For New York Magazine, journalist Kimon de Greef digs into the race between Beckley Psytech and GH Research, the two companies looking to develop 5-MeO-DMT, sometimes called the “God molecule.” “The contest between Beckley and GH mirrored a conflict playing out in the psychedelics gold rush at large — one between longtime adherents and opportunistic outsiders, between the psychedelic faithful, who understood the power of the drugs, and extractive business interests, whom many believed did not,” de Greef writes.

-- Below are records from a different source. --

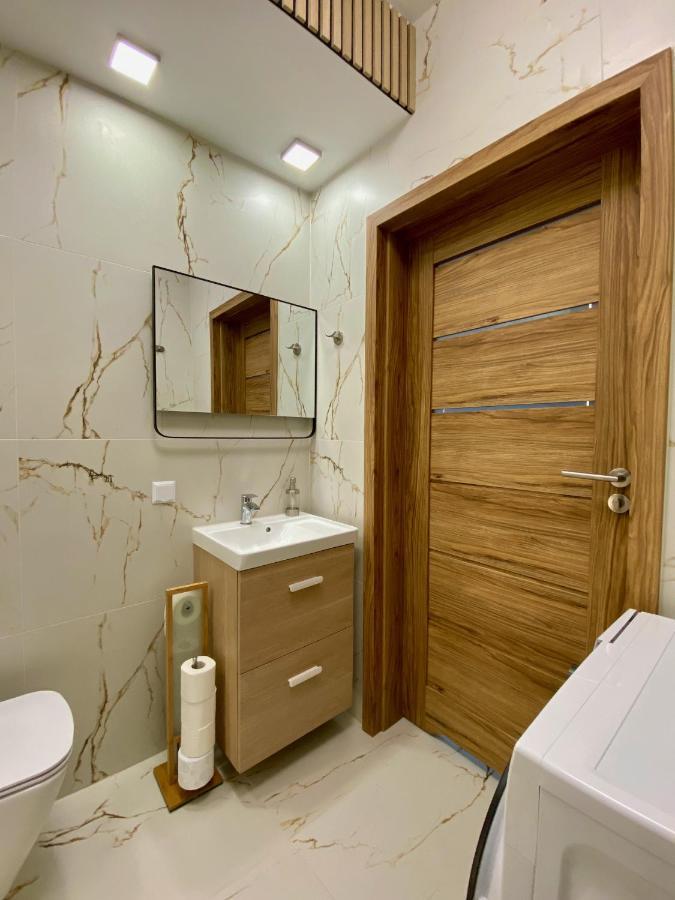 Dantis Apartment กดัญสก์ ภายนอก รูปภาพ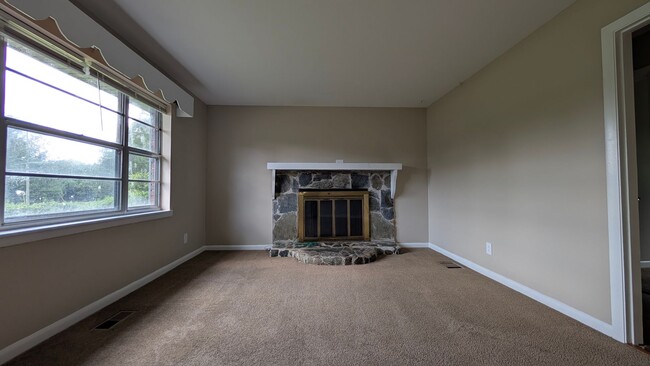 Building Photo - Traditional Brick Ranch Home for Lease | 3...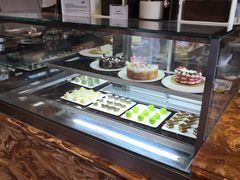 面包甜点陈列柜-万达瑞华酒店美食汇自助餐厅(楚河汉街店)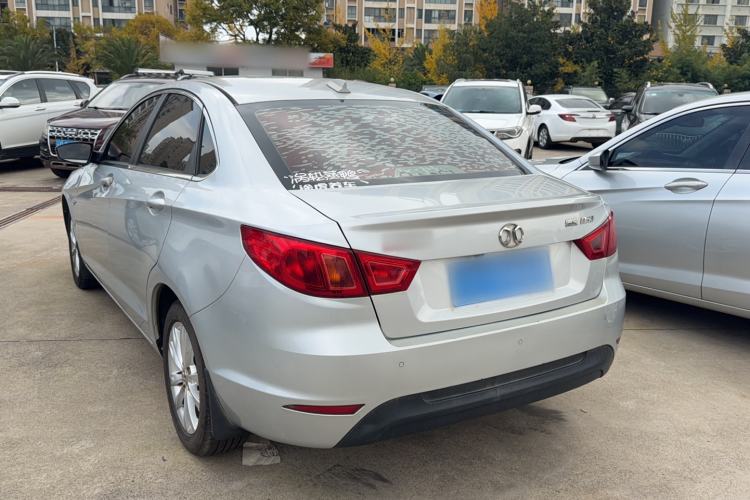 Used BAIC Senova D50 2014 1.5L manual comfort version Exterior 4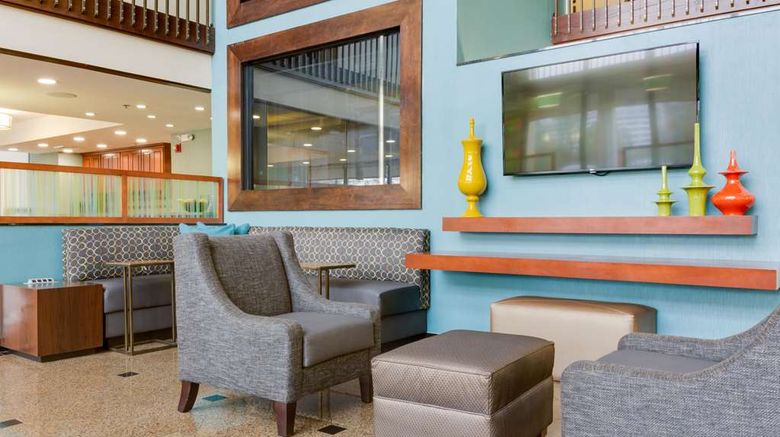 <b>Drury Inn & Suites Birmingham Grandview Lobby</b>. Images powered by <a href="https://iceportal.shijigroup.com/" title="IcePortal" target="_blank">IcePortal</a>.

Last year, many Massachusetts psychedelics advocates organized around Question 4, a ballot measure that would have allowed people to use and cultivate psychedelics including psilocybin, ibogaine, mescaline, and DMT. Ultimately, the measure failed, and Jack Gorsline reports for Lucid News that two former campaign staffers are alleging that New Approach and Massachusetts for Mental Health Options — the groups that largely bankrolled the Measure 4 campaign — may have violated campaign finance laws.
A 2024 meta-analysis of how psychedelics affect brain-derived neurotrophic factor (BDNF), a molecule important for neuronal plasticity, has been retracted, reports The Transmitter. The paper was originally published in the Journal of Psychopharmacology, and the retraction notice says a reader reached out to the authors with concerns, and that the authors requested that they revise the article to correct data and analyses. The journal’s editors and its publisher, SAGE, said that the requested revisions “calls into question the reliability of the original research and the conclusions.”
NPR’s All Things Considered profiles the Colorado Psychedelic Church, a “spiritual community that uses psychedelics in communal ceremonies.” As one member told the show: “It is more about the community than the substances.”